The Lead in “Da Thread” as posted by Johnnantais - 2-01-04

Let the saga continue. Sail on, oh ships of Lenco!
mario_b
Jean,
I am very interested in your rumble tests, but I am not too clear on the plinth you did the tests with. Is it your Giant lenco or did you use an older lighter version?
In other words should you need to go substantially beyond The Giant plinth?
Peter
Hi Peter: the experiment was not mine, but reported by someone else on the Hi Fi World forum, and I am guessing the mass was nowhere near that of a Giant Lenco. This report is merely corroboration for what I have already heard: a LARGE improvement in every way with the extra added mass. A "small" (40-pound) Lenco was already unthinkably good, easily crushing a VPI TNT MKII for instance, and in musical terms pretty well everything else in the world (barring other large idler-wheel drives), and in terms of noise too. A Giant at 70 pounds is much better (beyond any known limits so far, but then, so was the 40-pounder ;-)), and I am working on a true Giant, at roughly 100 pounds, to enable me to mount three tonearms at a time: I got it bad!!! I have no idea what the extra 30 pounds or so will gain me sonically (diminishing returns?), I'm building it to accomodate my Maplenoll tonearm as well as two others. I have a G88 to work with for which I will cannibalize the parts from an L78 or L75 (newer motors are better, and metal idlerwheel and carrier arm).
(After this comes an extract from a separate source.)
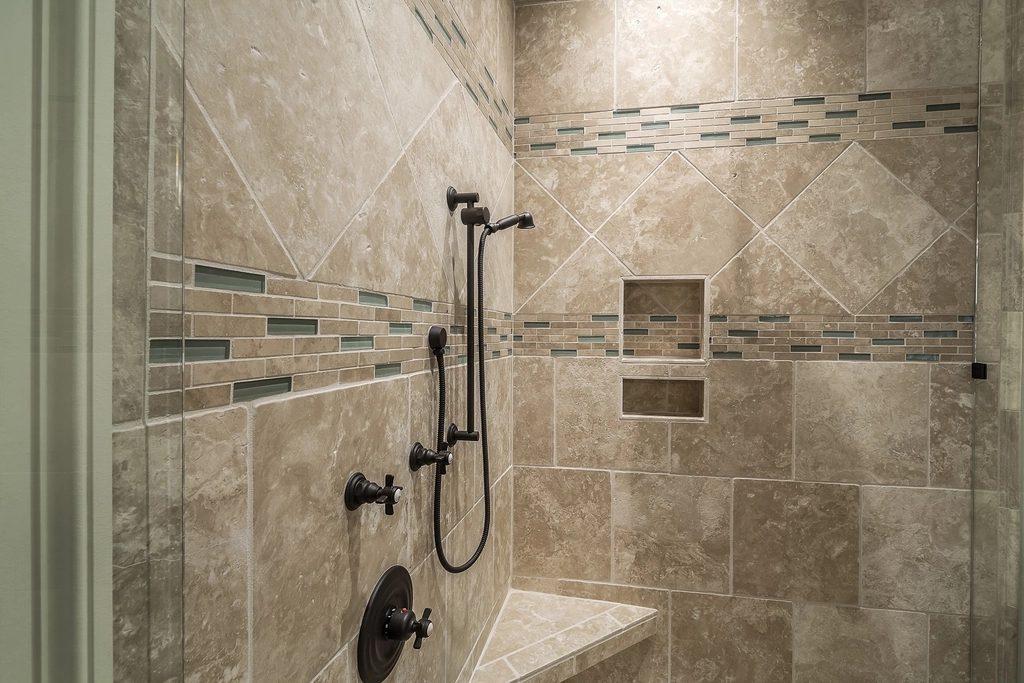Empire Developers — Raleigh remodeling project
When this Beast is ready I will report on whether improvements are even audible!! This extra mass is only truly effective/audible when combined with Direct Coupling.
Adding to the detective work on tracking down sources of rumble comes a poster over at Lenco Lovers who pierced my “stuck-on-stupid” consciousness like a lightning bolt – with the observation that rumbling cutters can be faithfully recorded in the grooves.

Had I been hauling my mass plinthed Lenco back and forth to the workbench these past months because it was actually an over-retriever?

To be sure, this area ushers in a host of new variables, many untrackable cold case files because nearly all of the witnesses are dead. What cutters? Scullys? At RCA? When did idler-driven lathes commence? End? Were some better plinthed or dampened? Does a phono cart’s VTA need to match the cutter’s to dig out recorded rumble?

Certainly, the “real world” signal to noise ratio makes this a phenomenon more pronounced in classical recordings because of distant mic placements and soft dynamics. But that seems to be the case regardless of the source of unwanted transmission.

This will be a difficult case crack. But over time and with continuing improvements to the Lenco, it is any area that greater light may be shed on.

A. Conan Doyle’s empiricism may be apt:
“When one rules out all the probable causes, whatever is left, however improbable, is correct.”
Hyperbole?! WHAT hyperbole ;-)!?! Up here nuthin' going on but angels clustering in my living-room every night to get a taste of the Heaven they are away from on assignment for the moment.

Hi Mario: I had warned against recorded rumble several times on Da Thread, that the Mighty Lenco (and other idler-wheel drives) has no lower limits and so retrieves recorded rumble, Deccas being especally bad in this respect. The danger being, of course, that the 'table is dismissed for having TOO MUCH bass resolution (and the greater the mass the better/worse it is). On several recordings, I can hear people walking by on other floors of the same building, and opening and closing doors...the shifting of air masses is being picked up!! Now THAT's low-frequency resolution. But one must be very careful not to throw the Mighty Baby out with the bathwater, and take care that the rumble one hears is in fact coming from the turntable and not from the recording. Along with that type of rumble/noise comes, mind-blowing bass, of course.